* [Description of the task]:
Transcribe the data that follows in full. Leave out the pictures.

* [Given information]:
════════════════
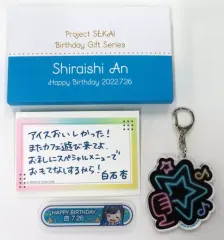 【中古】雑貨 白石杏 バースデーギフトシリーズ お返しセット(1周目) 「プロジェクトセカイ カラフルステージ! feat.初音ミク」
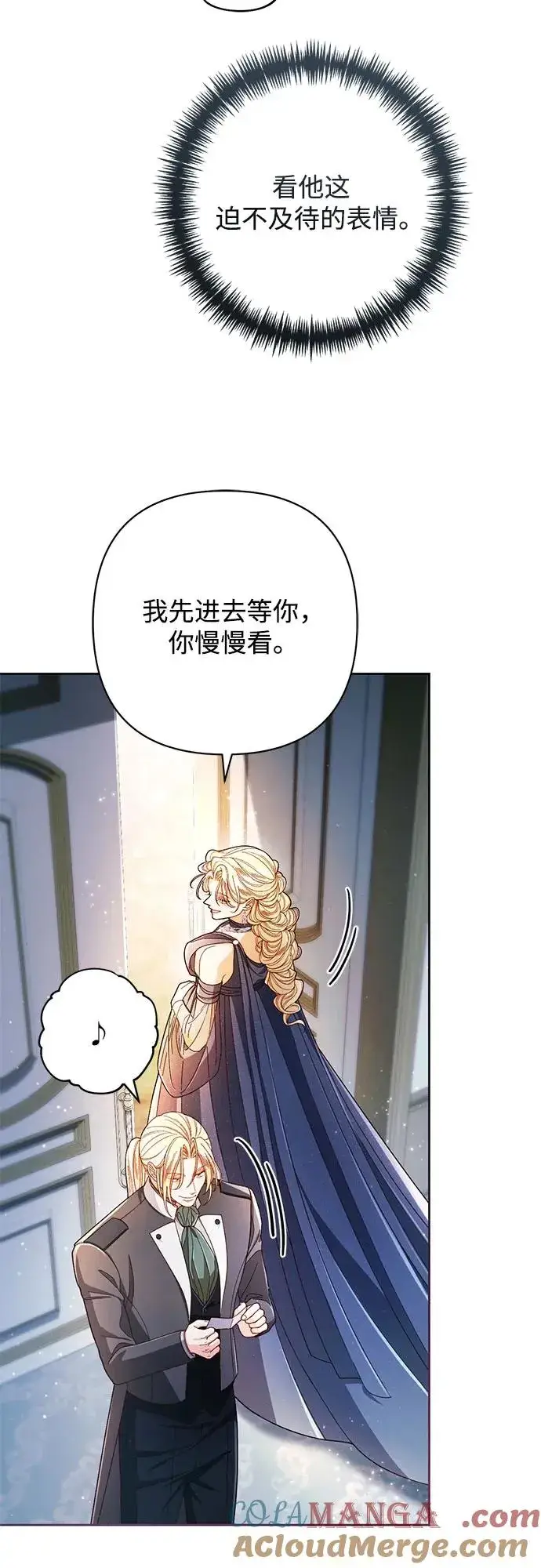 漫画《再婚皇后》第217话第4张图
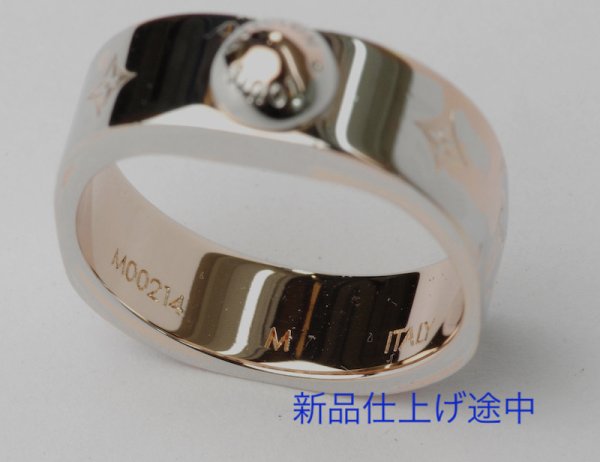 画像5: ルイヴィトン・モノグラムリングの新品仕上げ (5)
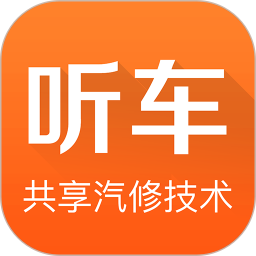 听车汽修版app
════════════════
* [Response to the exercise]:
 【中古】雑貨 白石杏 バースデーギフトシリーズ お返しセット(1周目) 「プロジェクトセカイ カラフルステージ! feat.初音ミク」
 漫画《再婚皇后》第217话第4张图
 画像5: ルイヴィトン・モノグラムリングの新品仕上げ (5)
 听车汽修版app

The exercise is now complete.